The successful launch of the Falcon Heavy rocket by billionaire entrepreneur Elon Musk’s SpaceX is significant for several reasons. Here are some of the reasons why it could be a game-changer:

All 27 engines of the Falcon Heavy during assembly at Cape Canaveral, on December 20, 2017.
  • The rocket will pack up to 2.5 million kg of thrust in its first stage, and will be able to lift a 64-tonne payload to low-Earth orbit. That’s twice as powerful as its two main competitors, the Delta IV and Atlas V, with a payload that’s twice as heavy. The vessel’s lift-off thrust is equal to approximately eighteen 747 aircraft.
Falcon Heavy at the Cape, December 20, 2017.
  • Mr Musk boasts of prices starting at US$90 million to launch the rocket. That’s lower than the US$109 million price tag for the launch of the Atlas V rocket. It’s also a significant saving versus the US$400 million per launch price tag of the Delta IV.
Starman in Red Roadster.” An Instagram image from Elon Musk showing a mannequin, in a spacesuit in his Tesla Roadster, that will be launched aboard the Falcon Heavy.
  • The recovery and reuse of the boosters for the rocket is a significant achievement, bringing down future launch costs by landing them on pads back on solid Earth or on floating barges and then recycling them for future launches.
The two reusable Falcon 9 boosters return to Earth and land successfully.
  • The company has streamlined its production methods.
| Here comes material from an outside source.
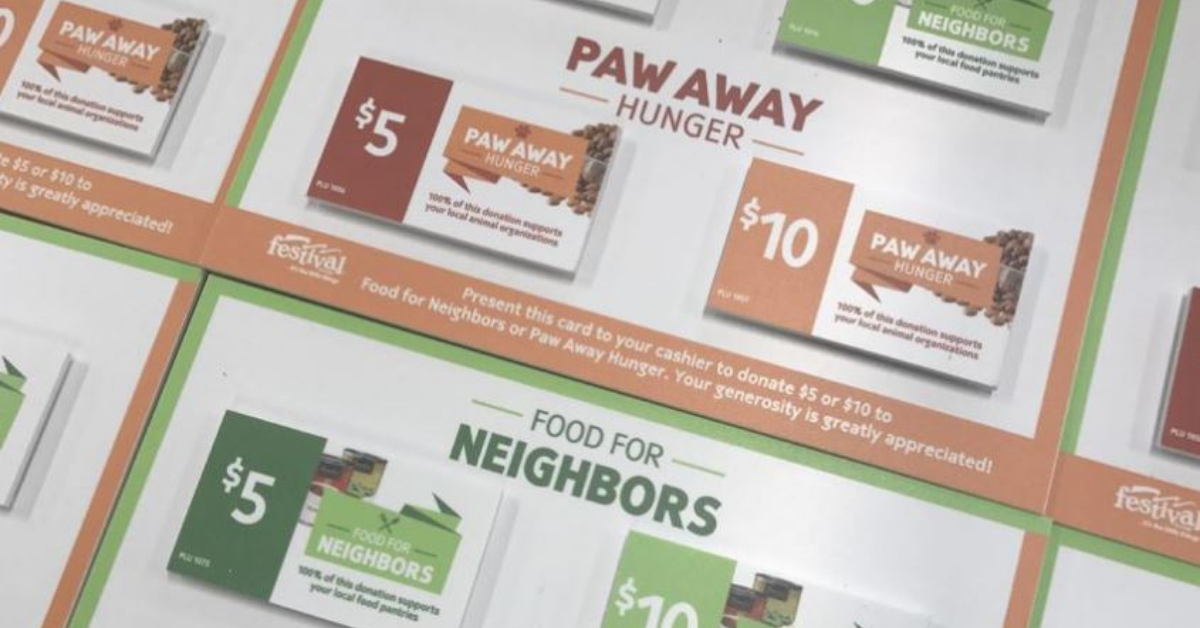 Bulletin board with $5 and $10 donation cards for Paw Away Hunger and Food for Neighbors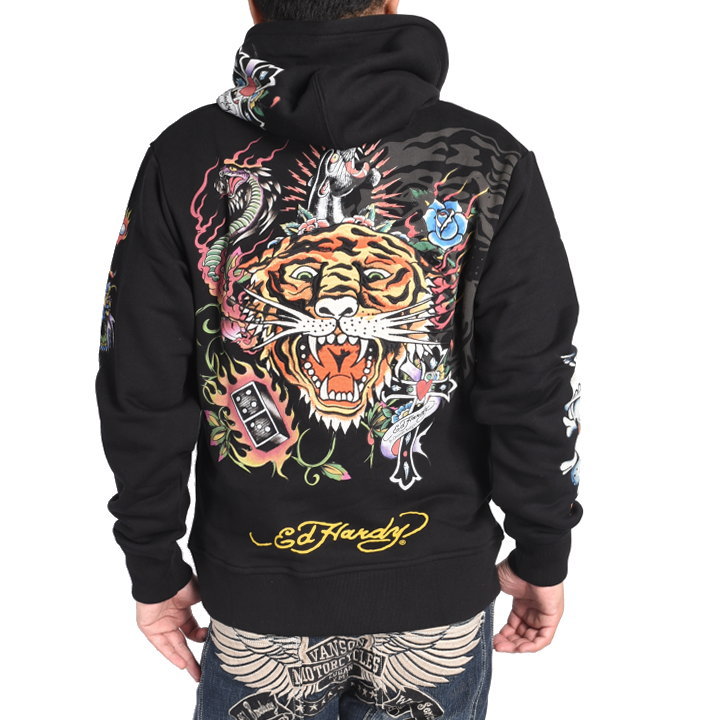 Ed Hardy（エド・ハーディー） パーカー TIGER 虎柄 刺繍プリント 裏毛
Rather than producing multiple engines with different horsepower ratings, it makes just one: the Merlin. The more powerful a rocket has to be, the more Merlins are bundled into its first stage. The Falcon Heavy uses 27 first stage engines in total.
The SpaceX Falcon Heavy takes rises above Pad 39A at the Kennedy Space Center on February 6, 2018.
  • Heavy-lift boosters are technology you can use not just to get to Earth orbit, but to get out of it too, pressing on to deep-space destinations like the moon and Mars.
Starman, in Elon Musk’s Tesla Roadster, orbiting the Earth above Australia on February 6, 2018, seen in this image from SpaceX video.
  • The company says the rocket would also enable crewed missions to the Moon and Mars as well.
  • The rocket will permit the launch of large batches of satellites, such as those for Mr Musk’s proposed constellation of thousands of spacecraft to deliver broadband across the globe.